That’s the way they like it. Over the years, as their business has grown from doing pop-ups to running a food trailer to landing a brick-and-mortar, they’ve had ample opportunities to work outside their circles, to bring in investors and partners who could definitely stretch their careers and brand. But oftentimes, the Weavers know, those relationships come at a cost.
“We worry about compromising the quality of our food,” says Ashley. “Anytime you have a partner involved financially, they’re gonna wanna do whatever they can to affect the cost. And they might not understand why we’re paying a premium for better meat or better-quality ingredients than another barbecue place. It’s nice we don’t have to run those decisions by someone else, decisions that may impact our business.”
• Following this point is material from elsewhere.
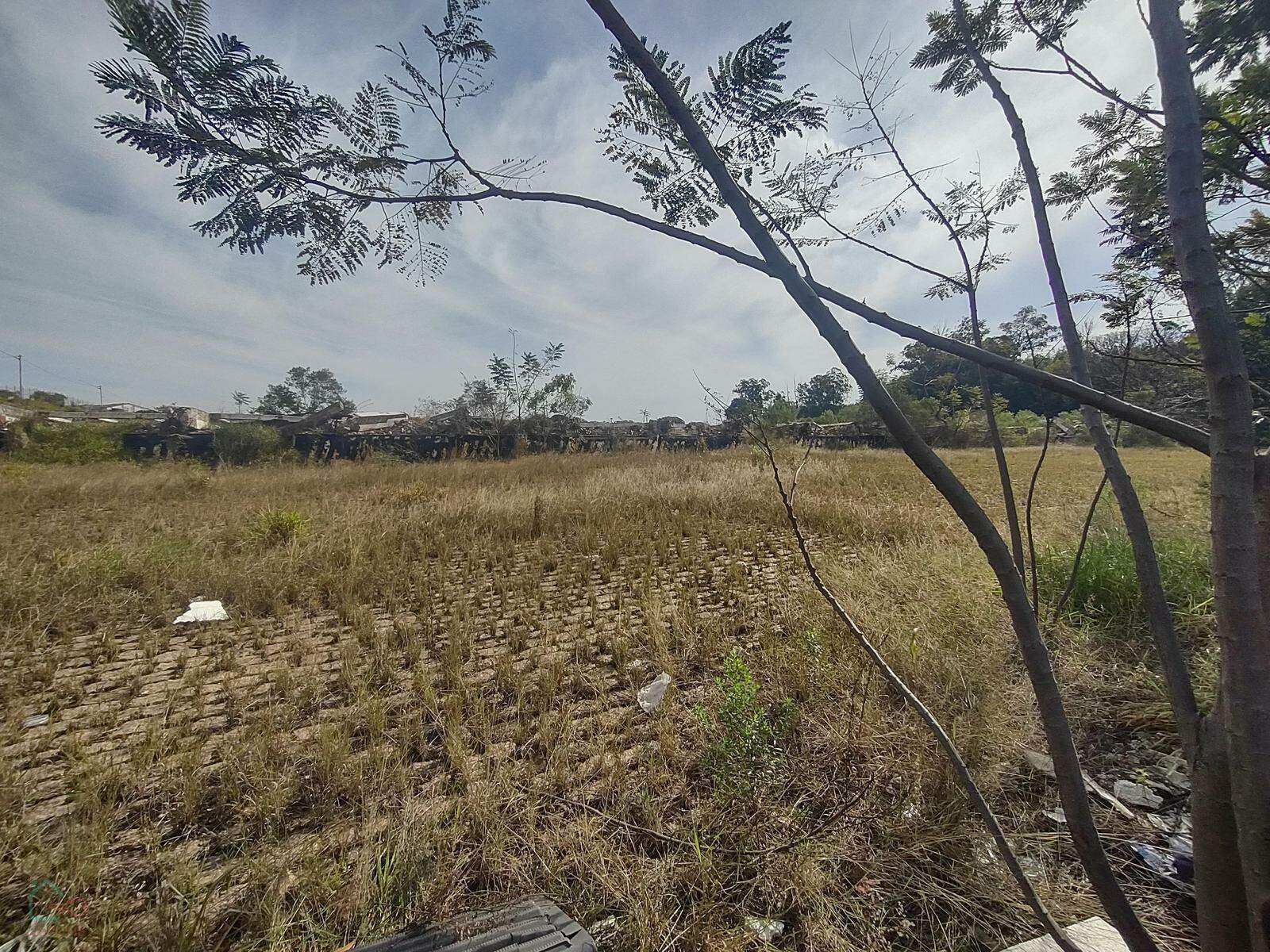 Terreno, 4 hectares - Foto 9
Ashley, who was born in Arlington, and Dayne, a military brat who has lived all over the world, met in 2012 at a car dealership, where they were both working. “I was a receptionist, and he was a salesman,” she says. “The reason that I liked him is because he was the worst salesman I’ve ever met in my life. To this day, he cannot tell a lie. I don’t even know if he ever made a commission. I was like, ‘Wow, he’s got some integrity. Let’s see where this goes.’”
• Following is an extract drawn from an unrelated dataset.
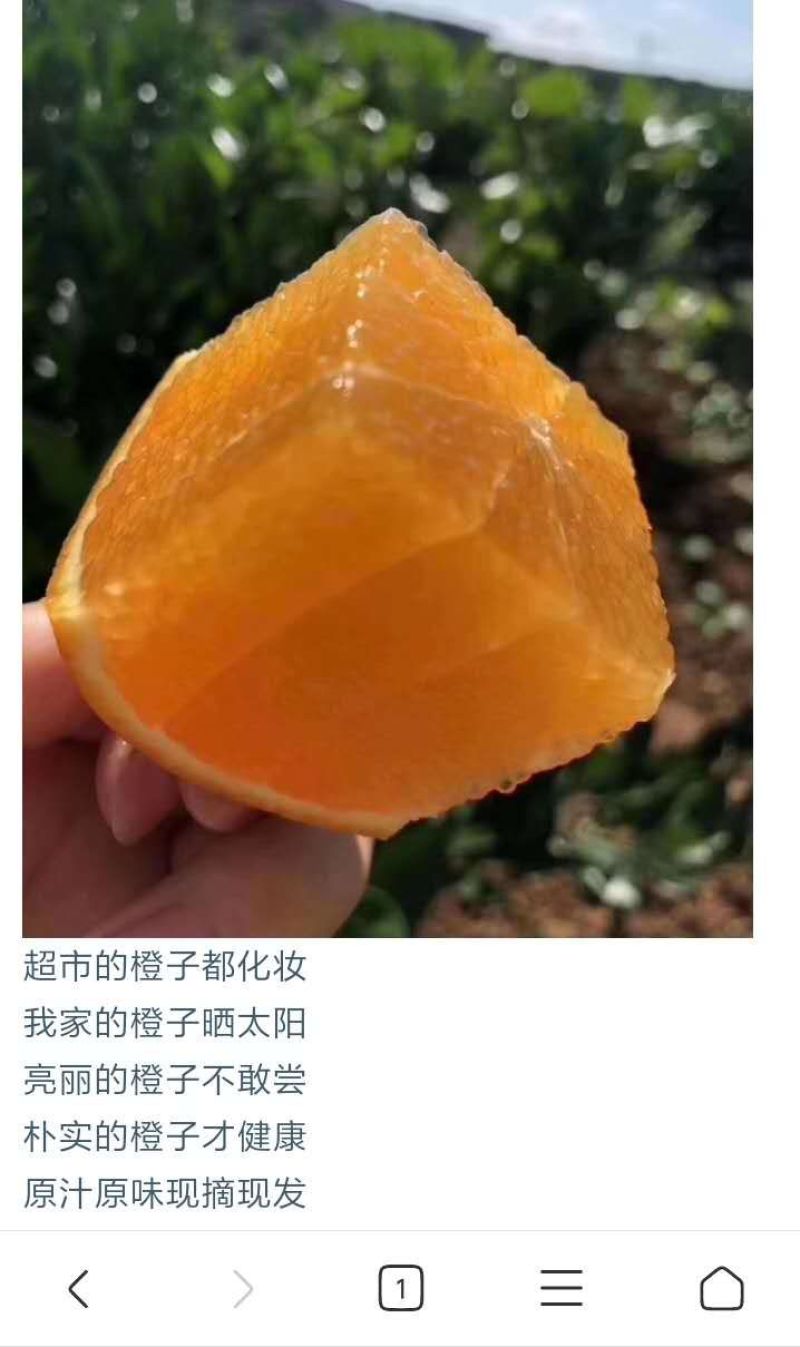 江西赣南脐橙一件代发包邮产地直供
Thirteen years, four kids, and one very successful barbecue business later, the two earned a spot on a coveted list that will no doubt, in ways big and small, change the course of their lives.
“We’re still in shock,” Ashley says. “There were subtle little hints that were dropped by Texas Monthly that maybe we’d be on the list. They came and took photos. But they wouldn’t tell us anything for sure. So, when we heard, there was definitely a feeling of “How can it be us? It’s an amazing accomplishment. I think we deserve it. We’ve put in a lot of blood, sweat and tears, and I know a lot of other places have, but it just rings different for us because it has been just Dayne and I, without any investors or partners. It’s hard to make that work, and we’re not just making it work, we’re killing it, and that’s just an amazing feeling.”